A pergunta que dá título à coluna desta semana parece banal à primeira vista. Mas, não o é. E a razão para a afirmação é: vivemos, não raro, no Brasil, uma espécie de “anemia significativa”, sendo que o termo “Estado Democrático de Direito” é ou pode ser utilizado por quem sequer mesmo tem noção do que ele representa. Quem nunca viu, por exemplo, variantes políticas distintas bradando em discursos pelo “respeito ao nosso Estado Democrático de Direito”? As situações eram as mais diversas. E havia conflitos concretos entre uma e outra versão. Mas ambas, mesmo assim, porquanto superficiais, quiçá, se afiguravam como defensoras do “Estado Democrático…”. Exemplos não faltam. E a chance de nenhuma dessas posições tê-lo defendido é grande…
Retorno, então, ao início: o que é isto, o Estado Democrático de Direito? Para começar a responder a pergunta norteadora do texto é indispensável que voltemos ao século XX. O constitucionalismo moderno possui ao longo da história três variantes bem definidas: a fase liberal, com o surgimento das primeiras Constituições escritas (EUA, em 1787, e França, em 1791), a fase social, com a consagração de direitos sociais em textos constitucionais (México, em 1917, e Alemanha, em 1919), e a fase presente, a fase do Estado Democrático de Direito, que, a partir da Constituição de Bohn (Alemanha, 1948),passa a conciliar Direito e Democracia e a materializar, pode-se dizer, o profético lema da Revolução Francesa, isto é: liberdade (direitos individuais), igualdade (direitos sociais) e fraternidade (direitos culturais e de meio-ambiente).
A Segunda-Guerra Mundial trouxe à tona um cenário de absoluta falência do Direito. O Direito foi tragado pela política e por um modo totalitário de fazer política. Dos escombros de guerra, então, surgiria esse novo paradigma, que é, ao mesmo tempo, resgate e construção. O Estado Democrático de Direito concilia Estado Democrático e Estado de Direito, mas não consiste apenas na reunião formal dos elementos desses dois tipos de Estado. Consiste, na verdade, na criação de um conceito novo.
Trata-se, consequentemente, o paradigma do Estado Democrático de Direito, de um conceito novo com novas e sensíveis diretrizes com forte carga transformadora – e extremamente salutares, diga-se, se olharmos com atenção àqueles opacos acontecimentos que acabaram por desencadear no advento da Segunda-Guerra Mundial. O Estado Democrático de Direito é o raiar de uma nova era, que surge justamente para resgatar todas as promessas não cumpridas da Modernidade – respeito aos direitos individuais, respeito aos direitos sociais de mínima subsistência, democracia etc.

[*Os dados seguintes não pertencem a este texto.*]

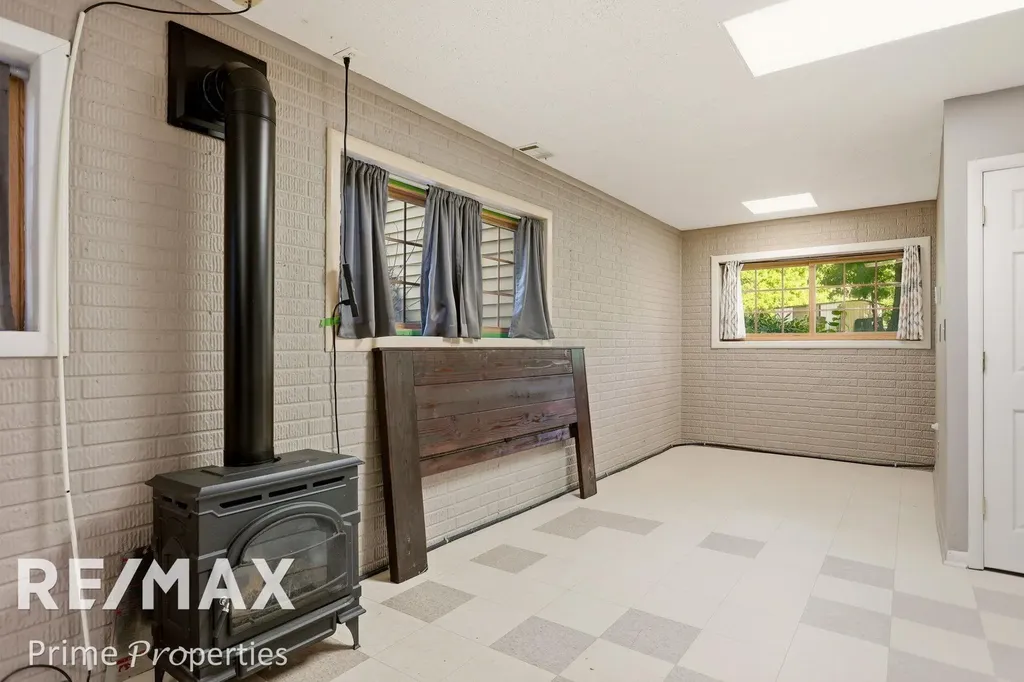 594 Lou Alice Drive Deerfield Township MI 48421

O objetivo do Estado Democrático de Direito é o de fazer frente às exigências não cumpridas no passado. E o Estado democrático, para não cair em um “totalitarismo democrático”, tem que ser um Estado Democrático de Direito.É por isso, logo, que o artigo 1° da Constituição de 1988 afirma que a República Federativa do Brasil constitui-se em Estado Democrático de Direito. E não como mera promessa, mas proclamando-o, fundando-o efetiva e normativamente.
Já o conteúdo das Constituições, nesse caminho, passa a ser materialmente reivindicável. A Constituição de um Estado Democrático de Direito veicula consensos mínimos, que lidam com a proteção do regime democrático, da separação dos poderes, da dignidade humana, dos direitos fundamentais – individuais sociais e transindividuais. Trata-se de um controle da política pelo Direito que consagra pré-compromissos vinculantes, uma espécie de “risco no chão” com uma forte mensagem à política institucionalizada, qual seja: “é daqui para trás”. No Estado Democrático de Direito, a lei (Constituição) passa a ser uma forma privilegiada de instrumentalizar a ação do Estado na busca do programa apontado pelo texto constitucional.

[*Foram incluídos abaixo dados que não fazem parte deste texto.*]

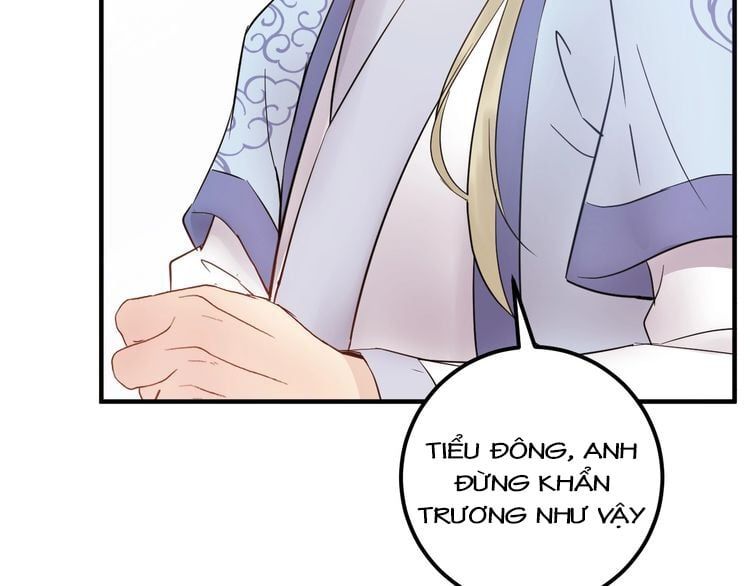 đọc truyện Trong Sinh Chi Ức Vạn Ảnh Hậu Yếu Thượng Vị Chương 114 ảnh 14 tại Thiên Thai Truyện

A noção de Estado Democrático de Direito, ao fim e ao cabo, valendo-me dos ensinamentos de Lenio Streck, está “[…] indissociavelmente ligada à realização dos direitos fundamentais. É desse liame indissociável que exsurge aquilo que se pode denominar de plus normativo do Estado Democrático de Direito. Mais do que uma classificação de Estado ou de uma variante de sua evolução histórica, o Estado Democrático de Direito faz uma síntese das fases anteriores, agregando a construção das condições de possibilidades para suprir as lacunas das etapas anteriores” (STRECK, Lenio Luiz. Hermenêutica jurídica e(m) crise. 11. ed. Porto Alegre: Livraria do Advogado, 2014. p. 54).